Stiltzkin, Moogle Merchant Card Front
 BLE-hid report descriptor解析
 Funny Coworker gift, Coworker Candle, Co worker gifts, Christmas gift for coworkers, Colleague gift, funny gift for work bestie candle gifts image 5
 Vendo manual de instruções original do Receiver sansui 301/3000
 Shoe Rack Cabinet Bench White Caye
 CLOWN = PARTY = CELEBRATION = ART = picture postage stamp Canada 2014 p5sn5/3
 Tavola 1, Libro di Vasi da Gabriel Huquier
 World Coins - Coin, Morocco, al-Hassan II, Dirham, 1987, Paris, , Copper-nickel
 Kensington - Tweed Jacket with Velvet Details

--- EXERCISE AIM ---
Beginning with the line containing "CLOWN = PARTY" and ending with the last line of the listing above, return every line exactly and nothing else.

--- RESPONSE BOX ---
 CLOWN = PARTY = CELEBRATION = ART = picture postage stamp Canada 2014 p5sn5/3
 Tavola 1, Libro di Vasi da Gabriel Huquier
 World Coins - Coin, Morocco, al-Hassan II, Dirham, 1987, Paris, , Copper-nickel
 Kensington - Tweed Jacket with Velvet Details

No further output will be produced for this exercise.